First, we have director Ivan Reitman's No Strings Attached which allows Natalie Portman a rare opportunity to flex comic muscles and allows for the third film in a row in which Ashton Kutcher really owns as a leading man. He's likable without seeming bland or putzy and he has a couple of killer lines. My favorite line comes a few scenes after we discover that his perpetually stoned father is dating one of his former girlfriends: "I can't date you either. You're not my dad's type."
The plot such as it is involves summer camp acquaintances who reunite some twenty-odd years later to rekindle (or kindle, depending on your view of their first meeting as pre-teens and college students, respectively) a relationship. It starts out as blissful, consequenceless sex but soon feelings enter the mix and while Kutcher submits to the feelings immediately Portman does not and thus the typical complications of romantic comedy ensues.
Along the way there are a few laughs to be had, but not a great many. We often get to watch likable people being the best they can be in a movie that isn't terribly interested in letting people be the best versions of themselves that they can be.
I like that the movie plays up Kutcher's nice guy image but never makes him feel weak for wanting what he wants. The movie, in fact, respects the kind of guy he is so much that fate intervenes in any attempt to undermine his values. Kutcher isn't one hundred percent sold on the notion of monogamy at first, but from the beginning his attempt at casual sex ends in a drunken, crying sex-free stupor and his 'no strings attached' relationship with Portman is still defined by his exclusivity to her.
Portman's character is not, by any stretch of the imagination, a raging slut but she is unpleasant in the character's initial scenes and remains resistant to the pull of love in such a way that it becomes hard to root for them as a couple. There is a moment where Portman not only insists on abandoning their Valentine's Day date, but needs to be taken home by the very man she is dumping.
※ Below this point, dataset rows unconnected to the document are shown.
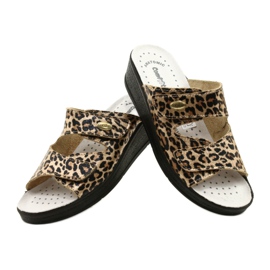 Women's leather flip flops leopard print beige 4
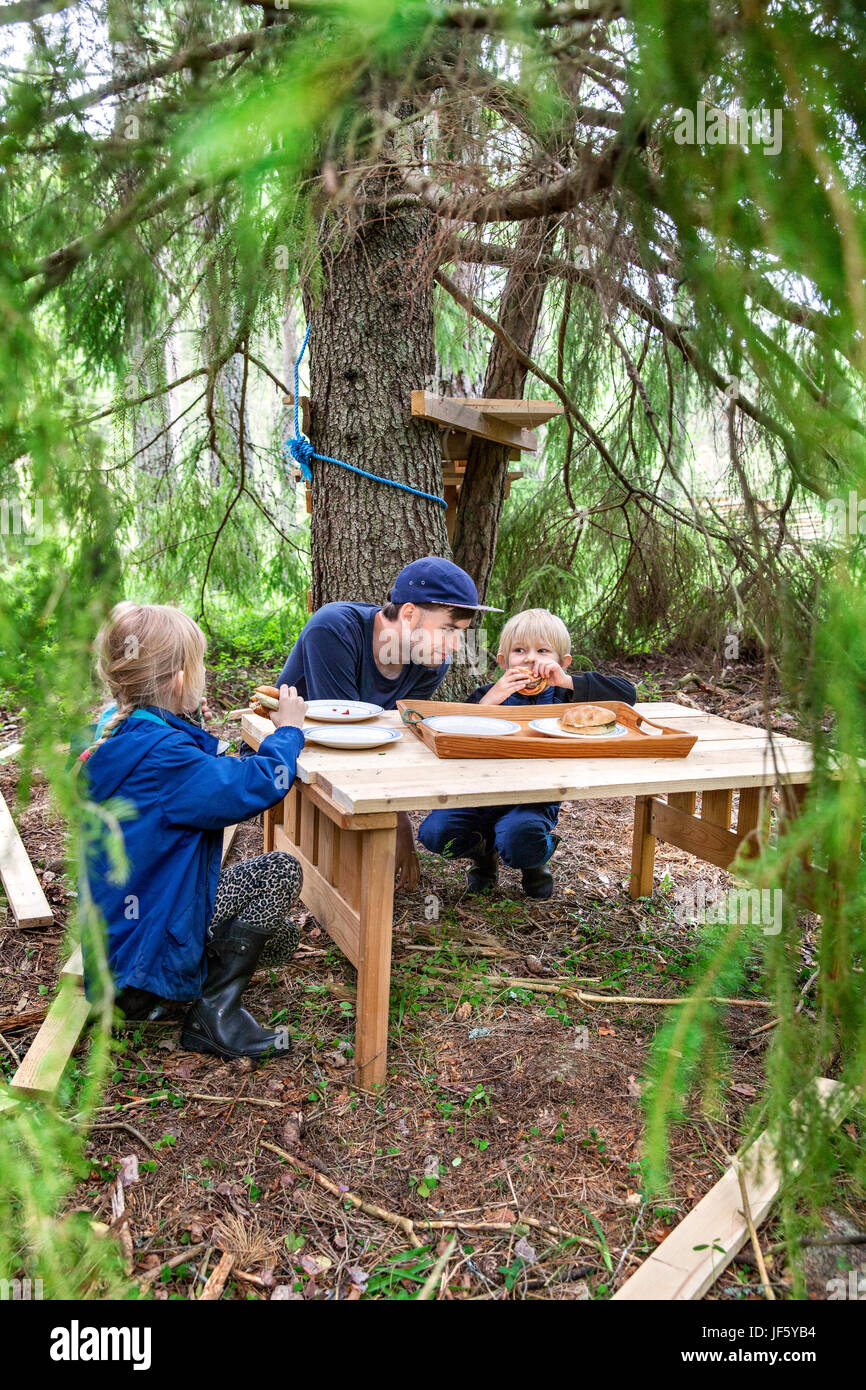 Children eating picnic table hi-res stock photography and images - Alamy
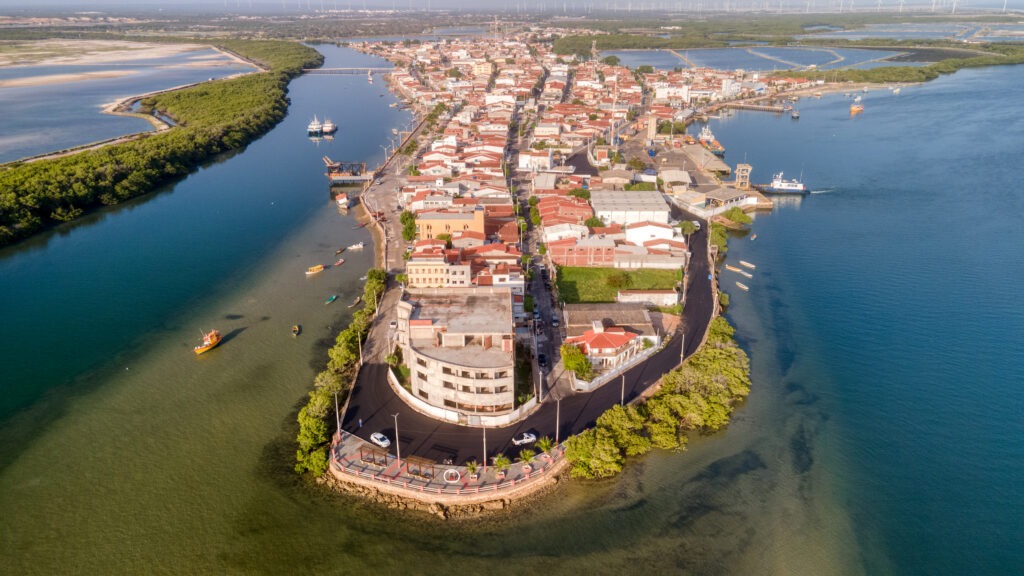 GOVERNO HELIO INICIA 2025 COM 50 MILHÕES A MENOS NOS COFRES DA PREFEITURA DE GUAMARÉ.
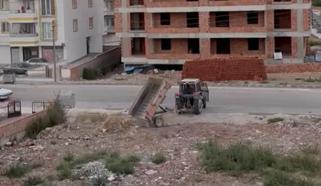 Arsaya döktüğü atıklar kendisine temizlettirilip para cezası uygulandı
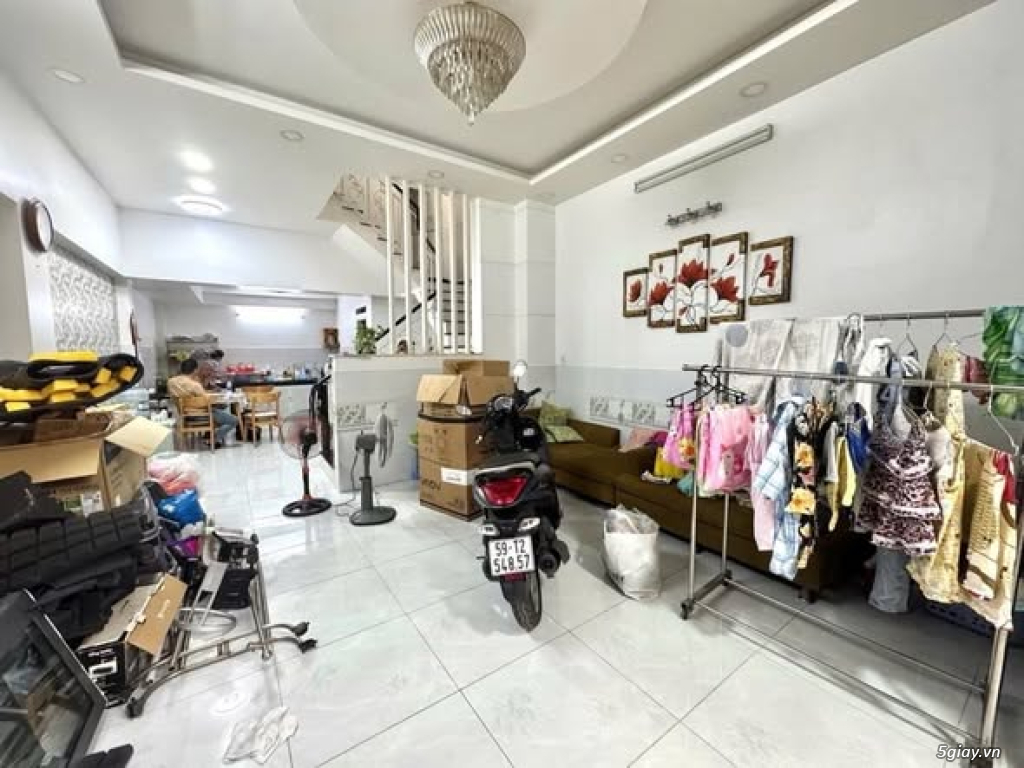 Nhà Q7 gần khu Him Lam hẻm xe hơi full nội thất - 6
As I knew the film would ultimately end with their coupling and I couldn't get behind them as a couple, I had to remove myself emotionally from the rest of the proceedings. I don't like not being emotionally involved in romantic comedies, particularly the more vulgar ones, because they distill emotions more honestly and despite all the character woes they give an honest treatment to things like fear of commitment or what have you. "No Strings Attached" finds a way to make a selfless devotion to one person feel like a bad choice.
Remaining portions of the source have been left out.